Im Dorf haben wir mittlerweile viele Bekanntschaften gemacht. Sie alle wollen gar nicht, dass wir jemals wieder von hier fortgehen.
Sogar einen alten Hof von 1700 haben wir uns angesehen, um eine Vorstellung zu bekommen, wie die Häuser hier früher gebaut wurden. In allen Ecken und Wänden kann man die Geschichte förmlich riechen und für einen Moment stellt man sich gerne vor, wie hier früher gelebt wurde.

Obwohl nun laut den Schweden die schönste Jahreszeit beginnt, haben wir beschlossen, in Richtung Süden aufzubrechen. Aber nicht wie geplant im Februar, sondern erst im März.
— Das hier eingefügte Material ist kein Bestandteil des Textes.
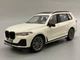 Машина на радиоуправлении BMW X7 световые эффекты резиновые колеса 1:16 Белая (M 6422) - изображение 1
Denn warum fortgehen, wenn es gerade so schön ist? Vor der Abfahrt sind noch viele Verabredungen im Dorf und der Umgebung geplant. Wir treffen uns zum Hundetraining, es gibt Pizza im alten Schwedenofen, wunderbare Fika Nachmittage mit tollen Kuchenkreationen, Lagerfeuer am See und gemütliche Abende in der Grillhütte. Die Kids aus dem Dorf laden uns zum Schlittenfahren ein, und eine Schneescooter Tour steht auch noch auf dem Programm. Über mangelnde soziale Kontakte können wir uns auf jeden Fall nicht beklagen, und das in dieser dünn besiedelten Region von Nordschweden. Das bringt uns immer wieder zum Lachen.

Auch Teddy hat sehr viele neue Hundefreundschaften geschlossen. Sein kleiner Freund Lutz ist leider sehr plötzlich über die Regenbogenbrücke gegangen. Das hat uns alle ziemlich getroffen, da wir ihn über mehrere Monate täglich gesehen haben, und Teddy sich so einige guten Eigenschaften bei ihm abgeschaut hat.



Nach diesem langen Winter können wir für uns festhalten, dass wir uns in den Norden verliebt haben. Die Ruhe und Einsamkeit in den Wäldern, die Natur, das Wetter, die Gemütlichkeit der Schwedenhäuser, vor allem aber die unglaublich liebenswerten Menschen sind es, die Schweden für uns zu dem machen, was es ist: ein lebenswertes Land.

Wir sind dankbar für jeden einzelnen Tag und jeden einzelnen Moment, den wir hier im kalten und herzlichen Norden verbringen durften.

Danke Schweden, für ein unglaublich schönes Winterabenteuer. Wir sehen uns ganz bestimmt wieder!